According to that venerable, reliable, and most respectable source of information, The Weekly World News, the “World’s Worst Villains Were Aliens.” Messages sent from deep space indicate that alien exiles have been sent to earth periodically, and – imagine this! – the dates of their exiles are often the same as the birth years of people like Hitler and Atilla the Hun.

Now, I’m mentioning this story only because it struck me as the latest in a long series of human attempts to believe ourselves better than we really are. Throughout history, we’ve tried to deny that we have a fundamental problem: Cain tried to please God his own way, the men of Babel tried to reach Heaven by their own hands, and in more recent times, the instigators of the French Revolution believed that men were basically good. None of these things had desirable consequences. And now The Weekly World News joins the tradition: humans aren’t really capable of all that atrocity; it’s the aliens’ fault! Unfortunately, the truth is that Hitler is a more accurate reflection of humanity’s true nature – apart from Christ – than Ghandi is. Dealing with our problem requires facing it, not blaming it on aliens.

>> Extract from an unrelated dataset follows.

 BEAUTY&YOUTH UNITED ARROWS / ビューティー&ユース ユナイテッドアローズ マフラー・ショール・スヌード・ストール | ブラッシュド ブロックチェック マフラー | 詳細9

Reflections on Amazon Vine

Posted in Amazon on June 25, 2009 by arthad

A few months ago, I received an invitation to join Amazon Vine.  The program allows certain Amazon reviewers (those who have written a certain number of reviews and received a certain number of positive votes) to choose free products from a monthly newsletter.  The catch?  You must review two out of three of the products you choose before you can order any more.  Most products are books, but there’s a decent amount of electronics, music, and other items as well.  (Today’s newsletter, for instance, contained a $350 digital camera, Rosetta Stone software, and Office 2008 for Mac: all for free to Vine members.  Sadly, these were all gone by the time I got home from work.)  All the products are ones which Amazon wants to hype, and so they decided to enlist their more prolific reviewers to help them do it.

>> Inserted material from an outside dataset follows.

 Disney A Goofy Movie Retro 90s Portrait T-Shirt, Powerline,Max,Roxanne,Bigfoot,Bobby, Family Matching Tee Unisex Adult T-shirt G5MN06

The Vine website lets members know when product inventory (Amazon limits the inventory available to Vine members) dips to ten or below, and so I find it interesting to see what goes the fastest, and how it correlates to Amazon’s regular bestseller list.  Just a few hours after the newsletter went out, all the electronics and music products are gone.  No surprise there.  A book called Sun of gOd: Discover the Self-Organizing Consciousness That Underlies Everything has one copy remaining.  Thankfully, its popularity among Vine members is not representative of its popularity among Amazon customers in general: released on May 1, it currently sits at #186,032 on Amazon’s bestseller list.  Another book, The Marriage Bureau for Rich People, has two left for Vine members: according to the publisher’s blurb, “Alexander McCall Smith meets Jane Austen in this delightfully charming Indian novel about finding love.”  I am tempted to comment that the mere existence of some things is a blight upon the universe, but since I haven’t read the book, I shall refrain.

Not all books popular with Vine members are so bad, though.  I noted several which are unobjectionable, even mundane.  I have no time to indulge in a detailed analysis of the tastes of Vine members as opposed to those of regular Amazon customers, though even if I did, I don’t know what such an analysis would tell us.  All that aside, though, I like Vine, if only because it means I get free books I otherwise wouldn’t.  If only I’d gotten home in time to nab that digital camera . . .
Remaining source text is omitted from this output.